I will summarize my understanding of what you have written:
The majority view is that more jobs and more paths to more jobs are what are needed. And you see that too: bored and restless post-graduates with no jobs or unrewarding jobs, and most tragically, suicide among young people. But even with the evidence of what material success in the new economy can bring--residence in one of the exclusive downtown Beijing high-rises, etc.--you see a "spiritual" problem: the powerful and the modest no longer walk the same streets (or "rub shoulders" in the English saying), economic power means political power and vice versa. And, there is what you mentioned in your earlier email: "I am chilled by the real capitalism that my father and grandfather fought in their daydreams."
How would you explain the spiritual situation that you refer to, and how does the experience of the revolutionary generation--your father and grandfather--effect the spirit?
January 25: XYZ to Benjamin Harris.
Hi, Benjamin,
Students in China are on their winter vacation now. Last week we finished all the works in the painting studio before leaving Beijing.
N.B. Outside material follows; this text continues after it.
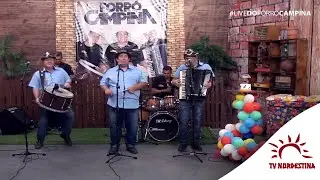 SOM AO VIVO - Forró Campina - 11/09/2020 - TV Nordestina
Then I went to my hometown to take some photos of desolate factories built after 1949 and before 1979, which can be recognized from the exposed structures that show architecture of the period. They carried the memories of the old generation and represented the change of life style. Just think that once in China it was the world of blue work clothes, and the factory are holy place.
I found I touched a complex issue in my email, Benjamin, and I am surprised you can understand as a foreigner and you are always interested in China’s occurrences, while the old residents in the old country neglect or cannot seize the essence. To begin, I try to explain the ambiguous places in the article.
First, for the case of WWW, she grew up in a poor, single-parent family in country, and enrolled in a university located in city. Two reasons accounted for her suicide. The direct one was the university authority ruthlessly refused to help accommodate her mother according to their regulation, which led to her desperation, as she cannot let her mother sleep on the streets. All the money the daughter and mother earned by part-time jobs was not enough to rent a room in the city. And the deep reason lied in her inability to find a job. As a child, she dreamed to be a lawyer and believed in justice, but she could do nothing but suicide when she was thirty years old.
Second, the Ant Tribe emerges in big cities such as Beijing, Shanghai, and Guangzhou, but it is composed of students from all over China. They leave their hometowns as migrant workers do. The difference is, migrant workers are from undeveloped villages, while these students from ordinary families in towns and counties.
Third, for your question “what is this spiritual situation”, I think the spiritual situation can be described as a dilemma. That is, the young people no longer believe what they do is worth their lifetime. From the surface, they are fixed up in the society, just as screws in the machine. But unlike their father and grandfather, they generally consider the collectivism as political rhetoric. Deep in their mind is to realize their individual value. However, they must surrender to the pretended dominate ideology if they intend to find a job supplied by the government (good jobs are monopolized by government). Ironically, that job failed to supply them a meaning.
Finally, I translate the “Dignitary Capitalism” directly from Chinese. It refers to a form of combination of political power and capital.Different from the bribery and corruption, the owner of capital and governor of political power now share the same interests or they even belong to one family. It is not strange that public policy always take sides with certain powerful interest group, such as state-owned companies in various areas.
So in comparison with the experience of revolutionary generation, they thought they served their country and their ideal, which disillusioned them, the young generation does not have the illusion. One of my friends tells me his parents, who usually complained their lives because they underwent political movements during the Cultural Revolution, now admit that the road of their son is tough too.